» **PROMPT**
Here are some records; quote them exactly, leaving out the pictures.

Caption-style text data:
Start of Block

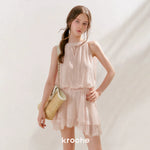 Chiffon Lace Halter Dress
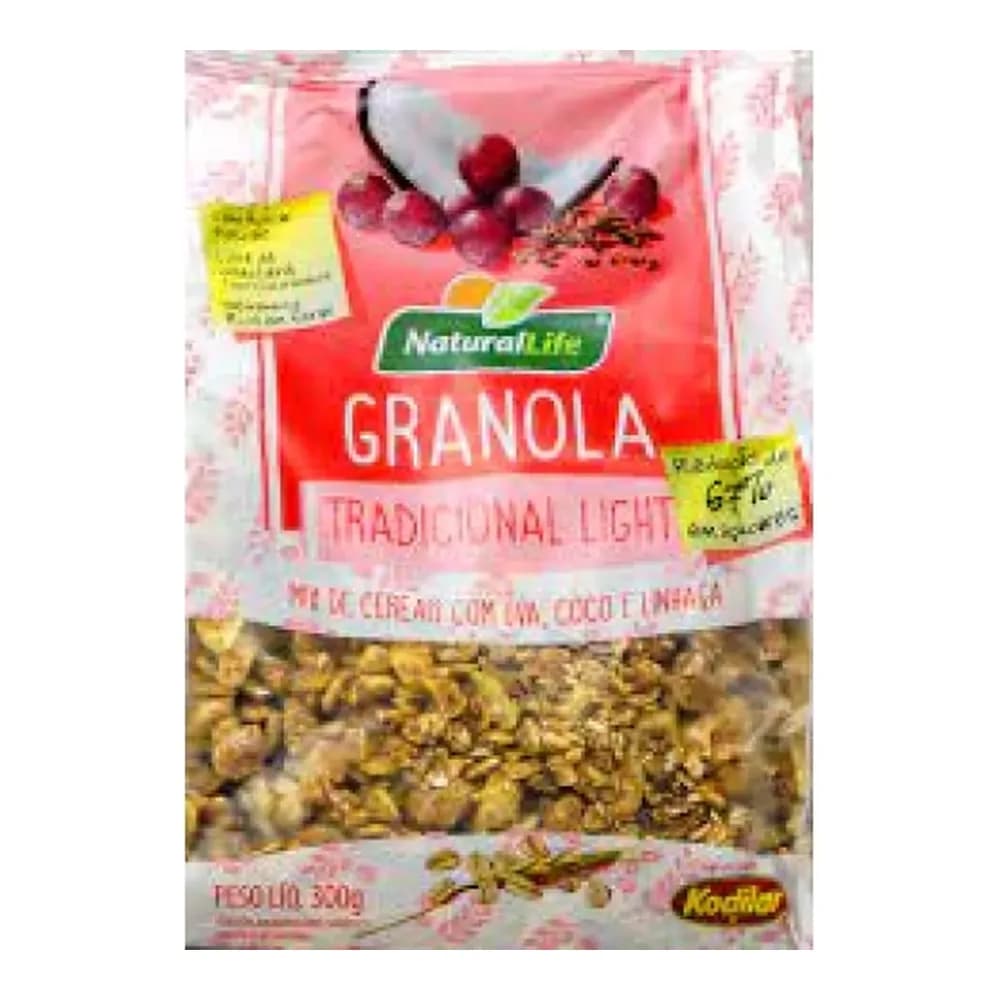 Granola tradicional light natural life 300g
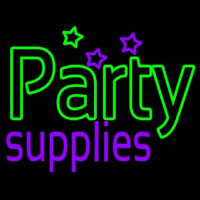 Green Party Supplies Neon Sign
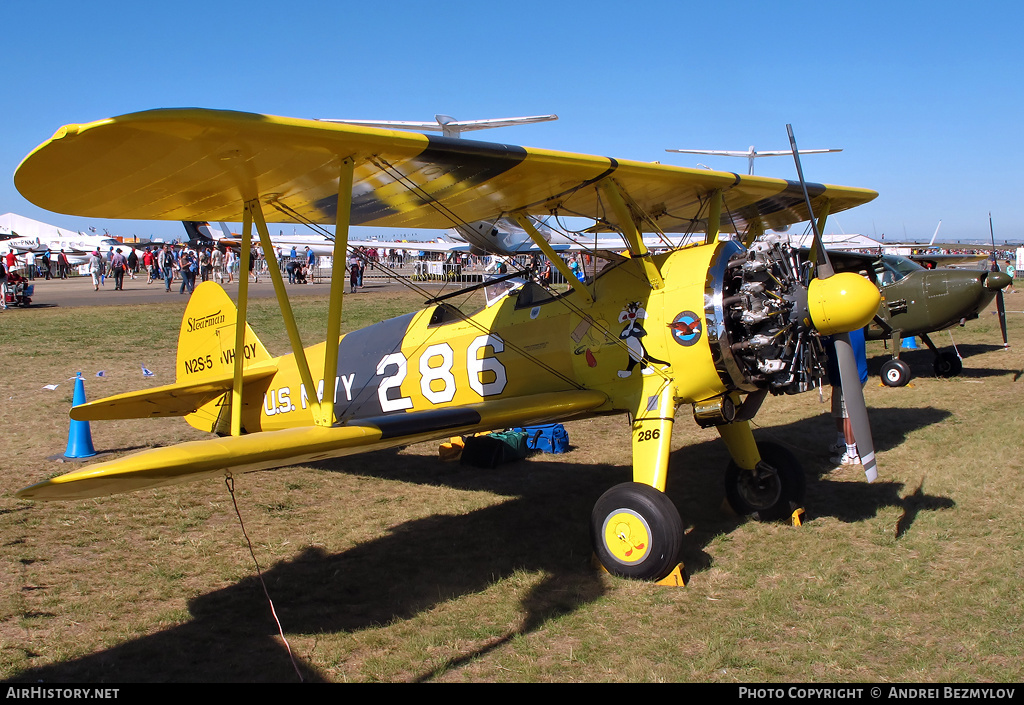 Aircraft Photo of VH-JQY | Boeing PT-13D Kaydet (E75) | AirHistory.net #79679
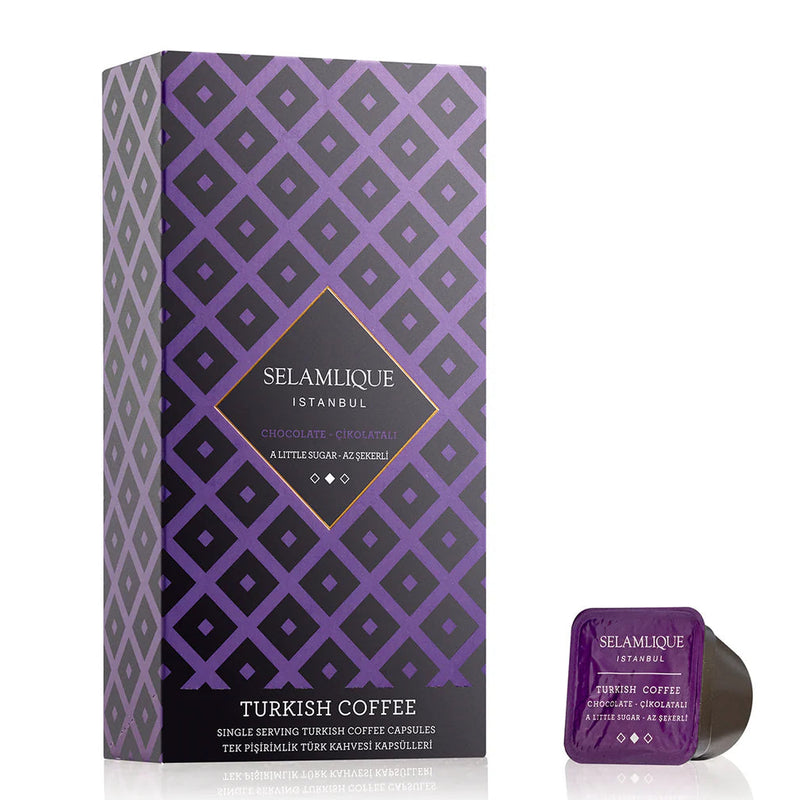 Translation missing: en.Selamlique Chocolate Turkish Coffee Capsules Pack of 10 - Selamlique - accessibility.image_number 1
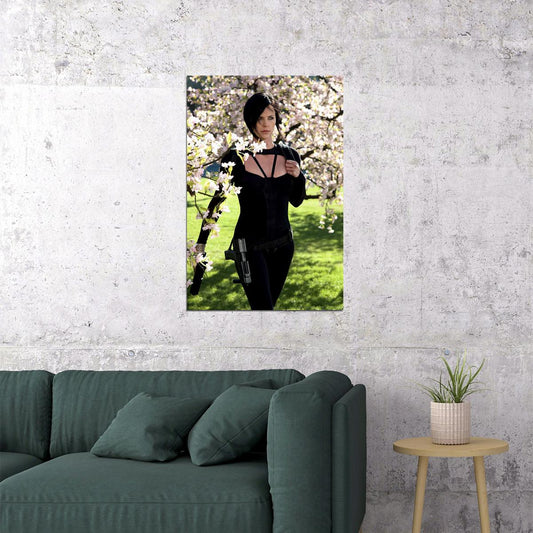 Aeon Flux Movıe Charlize Theron Science Fiction Poster Wall Art Print Home Wall Decor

End of Block

» **OUTPUT OF THE EXERCISE**
 Chiffon Lace Halter Dress
 Granola tradicional light natural life 300g
 Green Party Supplies Neon Sign
 Aircraft Photo of VH-JQY | Boeing PT-13D Kaydet (E75) | AirHistory.net #79679
 Translation missing: en.Selamlique Chocolate Turkish Coffee Capsules Pack of 10 - Selamlique - accessibility.image_number 1
 Aeon Flux Movıe Charlize Theron Science Fiction Poster Wall Art Print Home Wall Decor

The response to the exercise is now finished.